Your assignment ->
Copy the material below verbatim from the line with "vidaXL viesistabas dīvāns" to the line with "美品 REAL McCOY", both lines included, omitting pictures and every line outside that range.

Supplied records ->
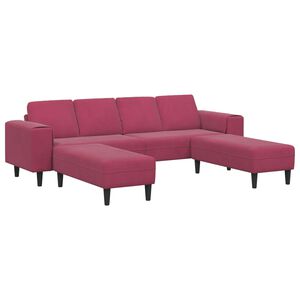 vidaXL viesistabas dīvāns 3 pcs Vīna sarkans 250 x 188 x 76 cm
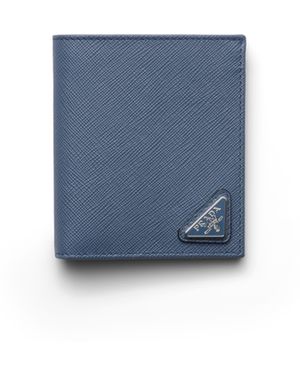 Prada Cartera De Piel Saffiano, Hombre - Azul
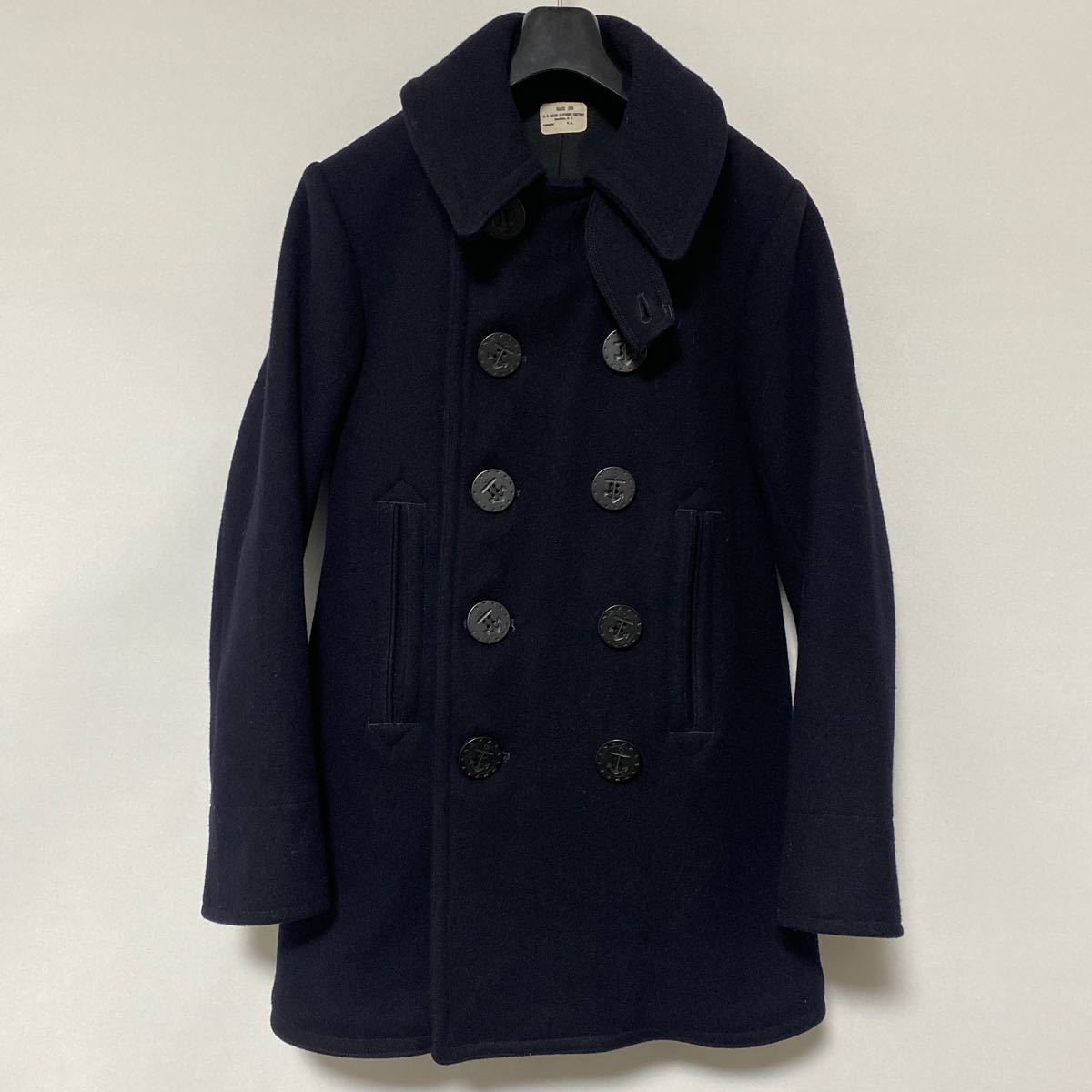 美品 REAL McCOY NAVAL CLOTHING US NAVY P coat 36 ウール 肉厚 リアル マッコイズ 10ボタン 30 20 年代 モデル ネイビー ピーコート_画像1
---
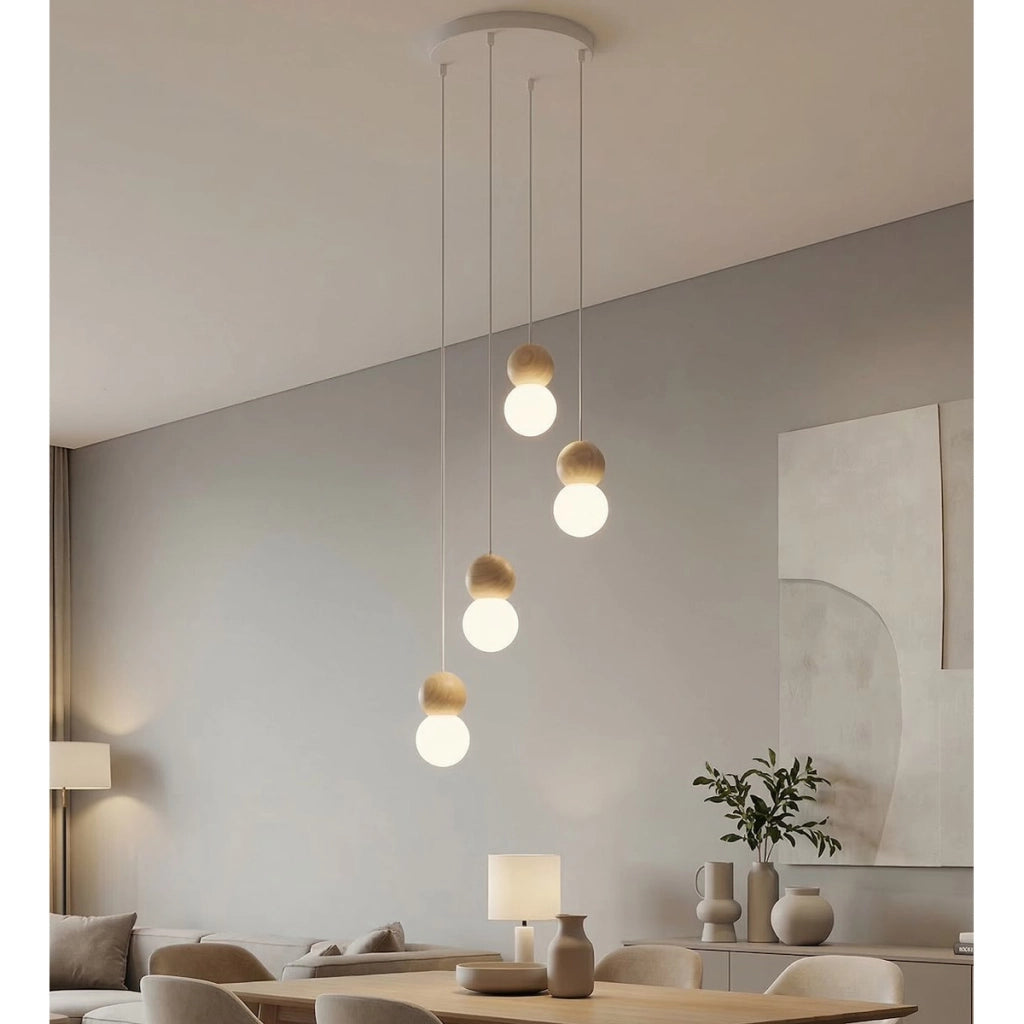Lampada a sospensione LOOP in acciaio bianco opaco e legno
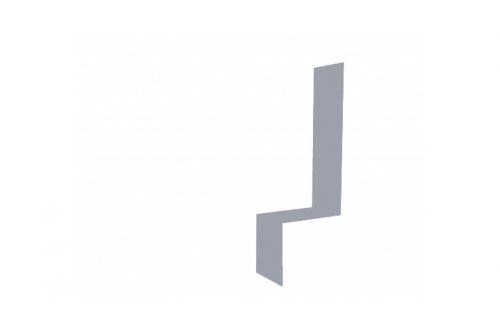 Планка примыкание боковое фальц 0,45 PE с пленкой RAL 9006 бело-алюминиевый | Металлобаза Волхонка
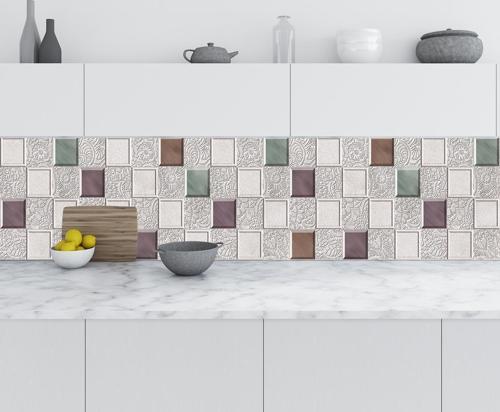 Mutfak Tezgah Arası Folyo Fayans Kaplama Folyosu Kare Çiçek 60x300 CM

Answer to the problem ->
 vidaXL viesistabas dīvāns 3 pcs Vīna sarkans 250 x 188 x 76 cm
 Prada Cartera De Piel Saffiano, Hombre - Azul
 美品 REAL McCOY NAVAL CLOTHING US NAVY P coat 36 ウール 肉厚 リアル マッコイズ 10ボタン 30 20 年代 モデル ネイビー ピーコート_画像1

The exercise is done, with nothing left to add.